### PROVIDED DATA ###

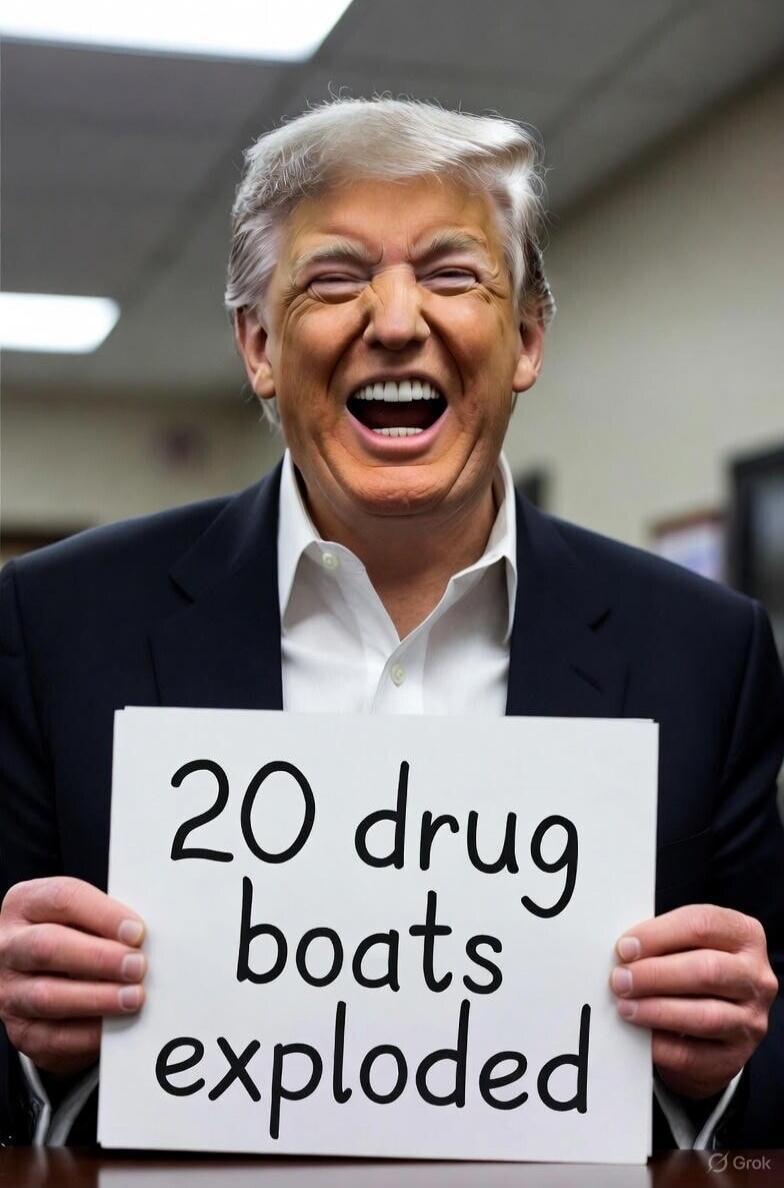20 drug boats exploded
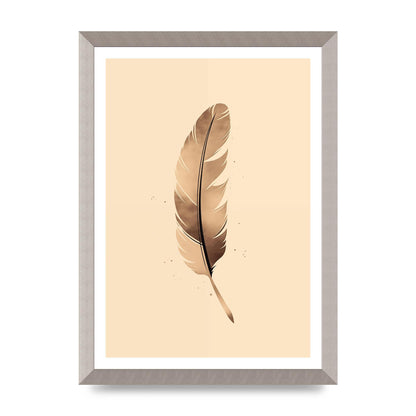 Feathered Tranquility Elegant Line Art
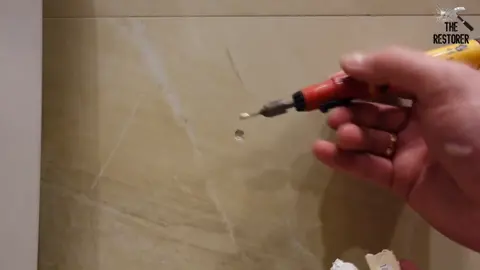 Restoration of holes in the tile 👍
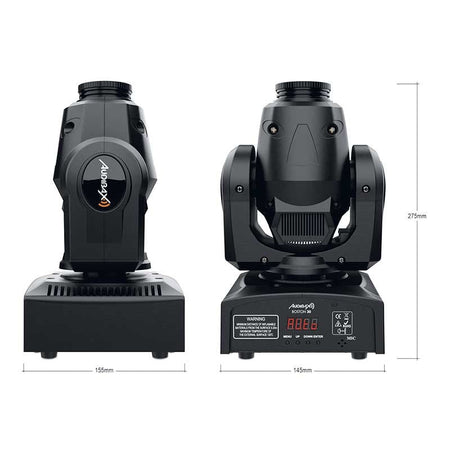 Audibax Boston 30 - Cabeza Móvil Spot Led Discoteca 30W - Tempo Shop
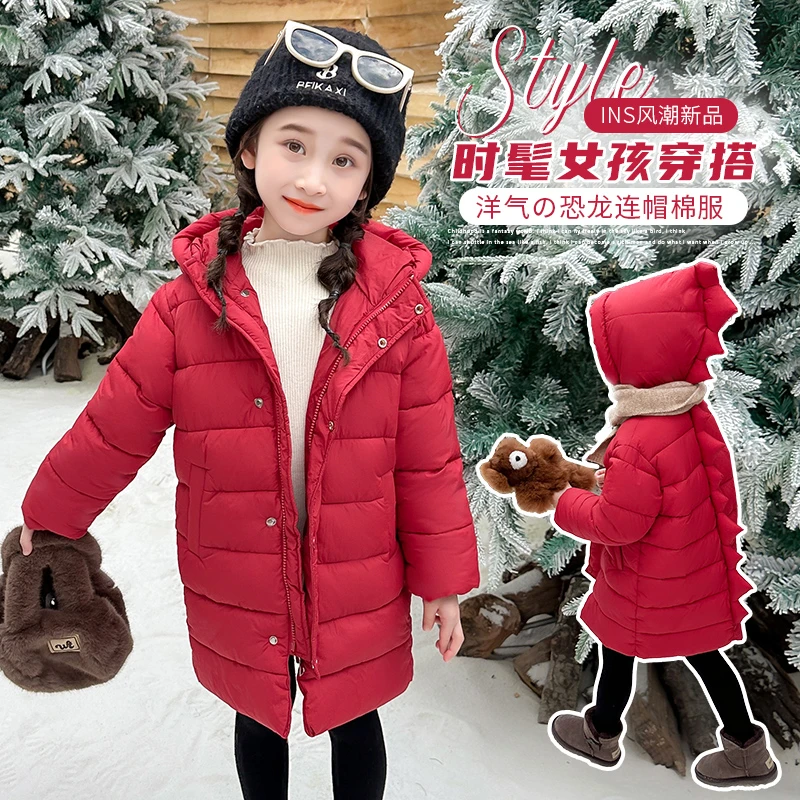 1-3岁女童棉袄冬季加厚款儿童棉服外套洋气小女孩保暖棉衣过年服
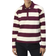 Object Millie Striped Polo Shirt - Cabernet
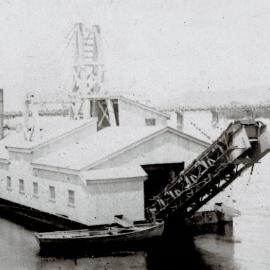 Dredge working in Kaniere River below old bridge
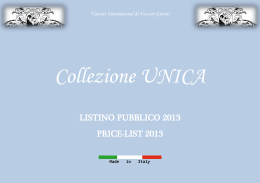 LISTINO PUBBLICO 2013 PRICE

###

HOW TO COMPLETE THIS TASK - Write the entries above out again exactly, but not the pictures.

EXERCISE SOLUTION -
20 drug boats exploded
 Feathered Tranquility Elegant Line Art
 Restoration of holes in the tile 👍
 Audibax Boston 30 - Cabeza Móvil Spot Led Discoteca 30W - Tempo Shop
 1-3岁女童棉袄冬季加厚款儿童棉服外套洋气小女孩保暖棉衣过年服
 Object Millie Striped Polo Shirt - Cabernet
 Dredge working in Kaniere River below old bridge
 LISTINO PUBBLICO 2013 PRICE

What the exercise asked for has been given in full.